Peu après ça mon implication dans le Ubuntu Users Group près de chez moi s’est accrue et en posant des questions à droite à gauche j’ai échangé quelques courriers avec le légendaire Jono Bacon de Grande Bretagne. C’est une personne qui est toujours prête à aider et à vous faire découvrir un groupe dont vous n’aviez jamais entendu parler. Pour moi qui adore la musique, rien que ça rendait nos échanges intéressants.

Grâce à Ubuntu je me suis retrouvé impliqué dans Software Freedom Day, la Document Freedom Day et dans l’Open Discussion Day.
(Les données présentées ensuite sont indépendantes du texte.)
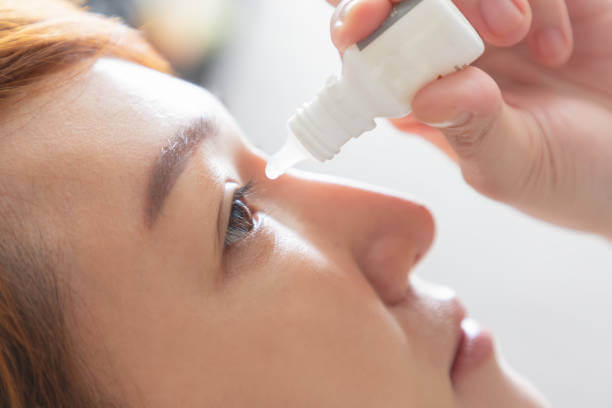 눈물흘림증 치료 방법과 원인 및 수술 방법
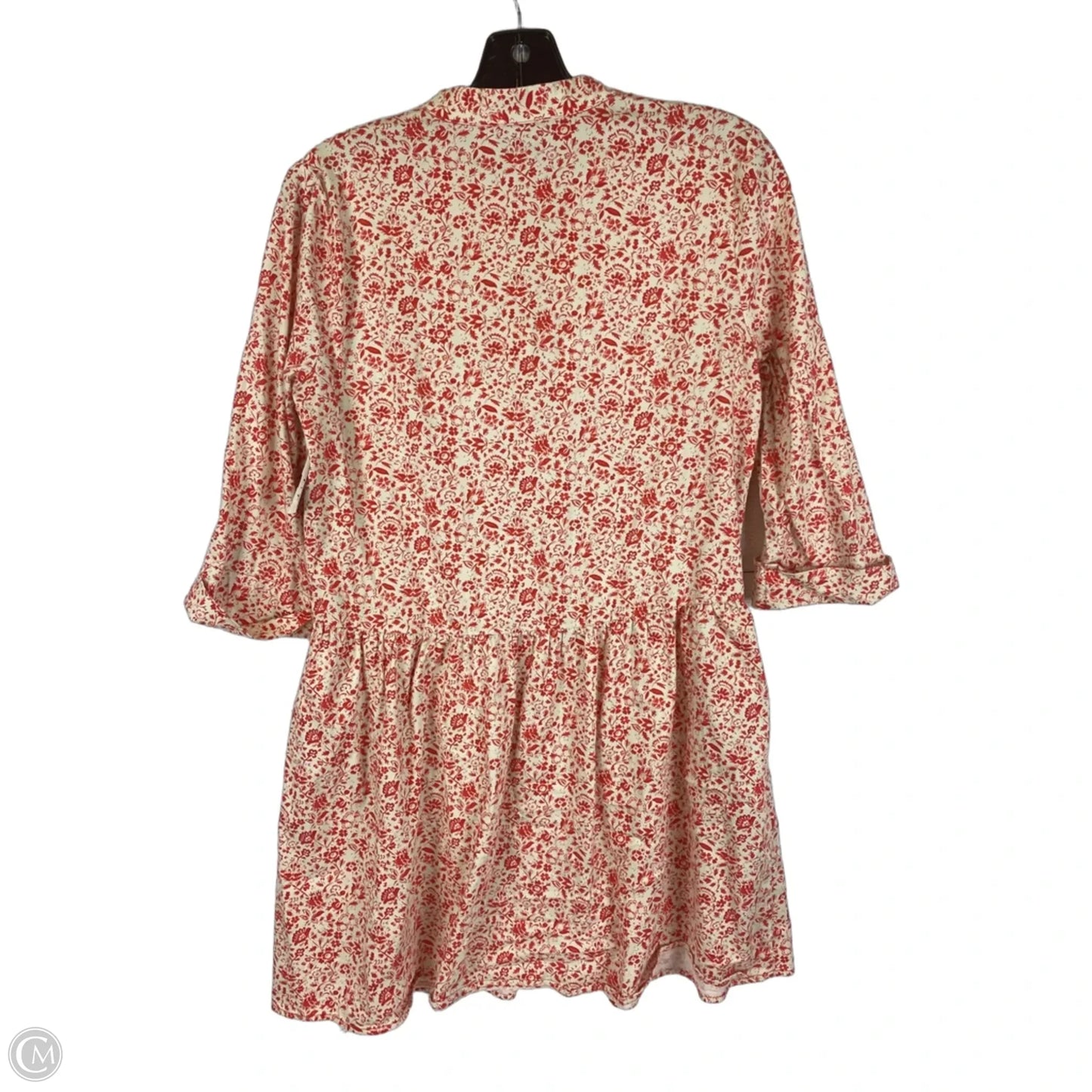 Dress Casual Short By Tuckernuck In Floral Print, Size: Xs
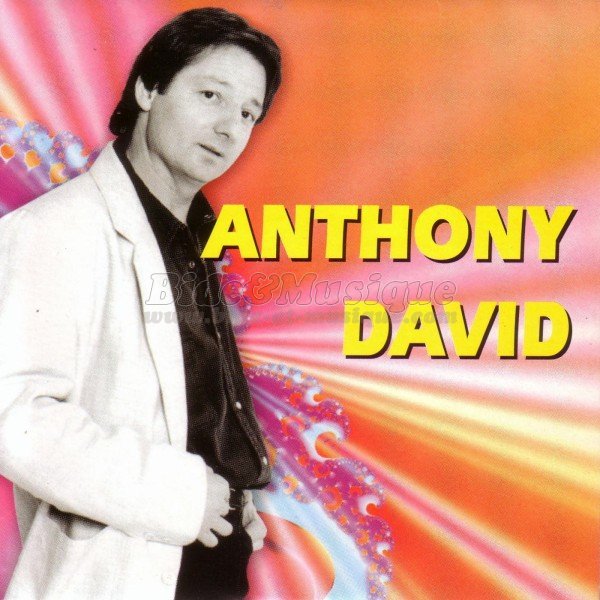 Anthony David - Boomerang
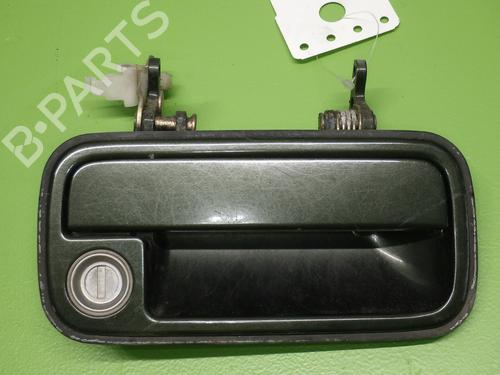 Używane Klamka zewnętrzna drzwi przednich prawych MAZDA MPV I (LV) 3.0 i V6 (LVEW) (148 hp) 30797117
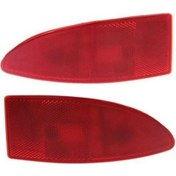 Resim Lasonstiges 81910-53021 81920-53021 Arka Tampon Reflektör Reflektör Uyarı Işıkları Araba Lexus Is250 Is350 2006-2013 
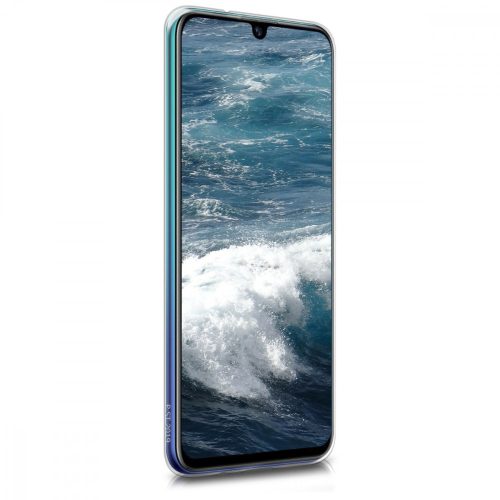 Pouzdro pro Huawei P Smart (2019), silikonové, vícebarevné, 47388.37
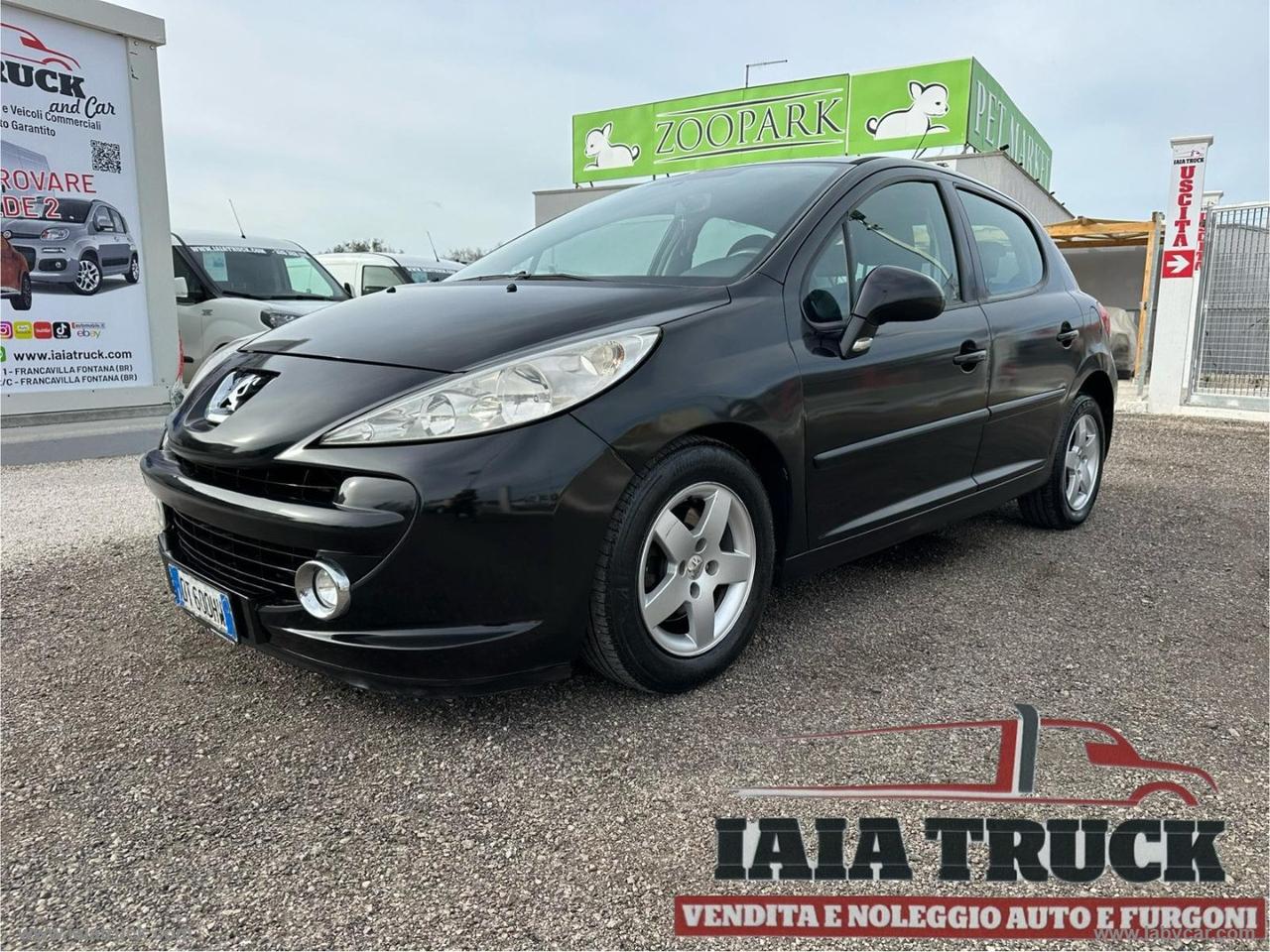 PEUGEOT 207 1.4 VTi 95 CV 5p. Energie Sport 1.4 VTi 95 CV 5p. Energie Sport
J’y ai fait la connaissance de gens venant du Nigéria, de Malaisie, d’Inde, d’Amérique du Sud et encore plein d’autres pays. Ce qui m’est arrivé à une échelle plus petite est tout aussi incroyable. Notre Ubuntu Users Group local est devenu un groupe officiel et nous avons commencé quelques projets avec succès. J’ai aussi été impliqué avec les équipes américaines et j’ai fait la connaissance de gens géniaux comme Aaron Toponce.
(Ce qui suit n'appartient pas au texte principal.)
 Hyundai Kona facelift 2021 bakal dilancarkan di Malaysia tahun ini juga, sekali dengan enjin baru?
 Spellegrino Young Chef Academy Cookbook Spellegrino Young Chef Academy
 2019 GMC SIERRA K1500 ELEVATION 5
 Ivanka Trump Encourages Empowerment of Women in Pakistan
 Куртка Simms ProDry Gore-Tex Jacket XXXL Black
Soit, mais alors de quel effet secondaire s’agit-il ? Et bien, lorsque j’utilisais Windows j’étais comme dans un cocon à trimer chaque jour et une chose est sure c’est que je me suis jamais intéressé au blog de Bill Gates comme je m’intéresse aujourd’hui à celui de Mark Shuttleworth et même si j’adore les autres distributions Linux (je vis au Nouveau Mexique et Gentoo aura donc toujours place à part dans mon cœur) Ubuntu m’a attiré dans une communauté, une communauté de gens qui veulent vraiment rendre l’informatique libre et ouverte.

C’est une communauté qui traite les débutants avec autant de respect qu’elle traite ses membres de la première heure. J’ai vraiment beaucoup appris durant ces deux dernières années et cette année je ferai une présentation à Ubuntu Live (hey les gars qui s’occupent d’Ubuntu Live, vous pensez pas que vous pourriez revoir le prix de l’inscription ?), ça sera l’occasion pour moi de serrer des mains et de remercier la communauté dont je suis tombé amoureux. Alors oui, je dirais que c’est un effet secondaire plutôt positif pour un gars comme moi qui ne savait même pas situer le Nigéria sur une carte il y a à peine deux ans.

Notes

[1] Merci à Olivier (from Fralamang) pour la traduction.